▶ _Information supplied_
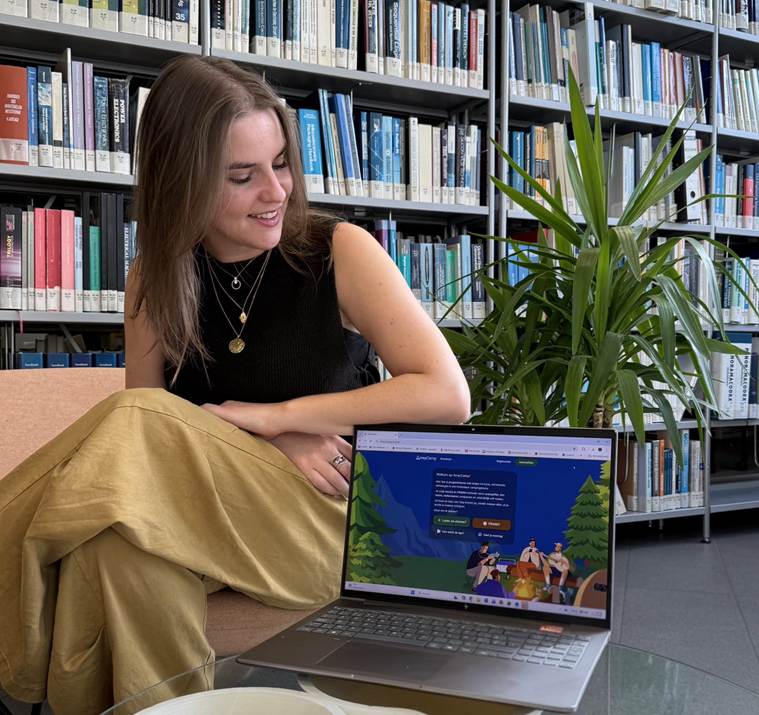 Tine Vervloet met ArrayCamp, het leerspel dat ze voor haar thesis bouwde. De kampeerwereld maakt arrays minder abstract.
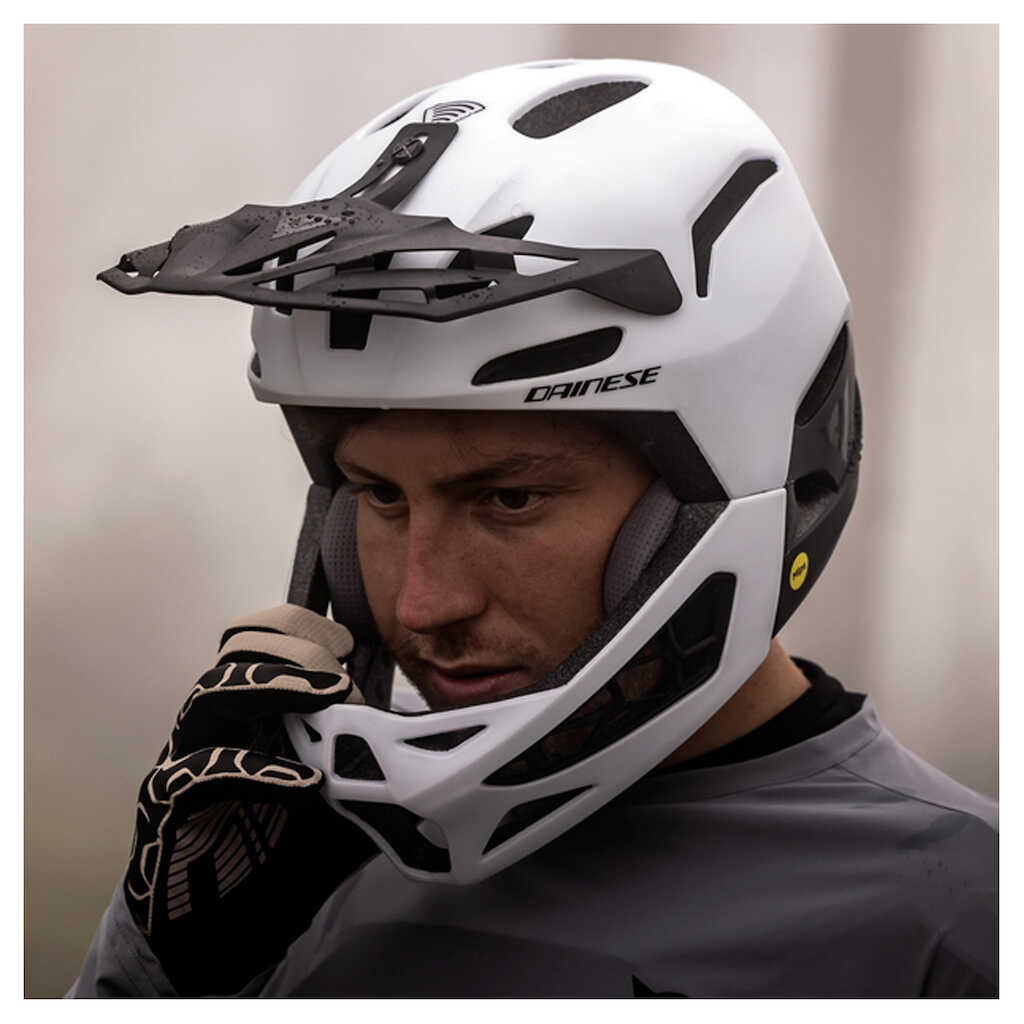 Dainese Linea 01 MIPS MTB Helmet - WHITE/BLACK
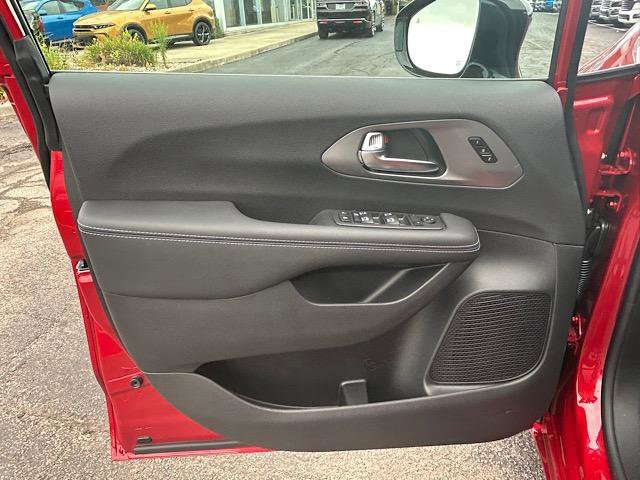 New 2026 Chrysler Pacifica Select image 9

▶ _What to work on_
Repeat the data above exactly, but not the pictures.

▶ _Response to this exercise_
 Tine Vervloet met ArrayCamp, het leerspel dat ze voor haar thesis bouwde. De kampeerwereld maakt arrays minder abstract.
 Dainese Linea 01 MIPS MTB Helmet - WHITE/BLACK
 New 2026 Chrysler Pacifica Select image 9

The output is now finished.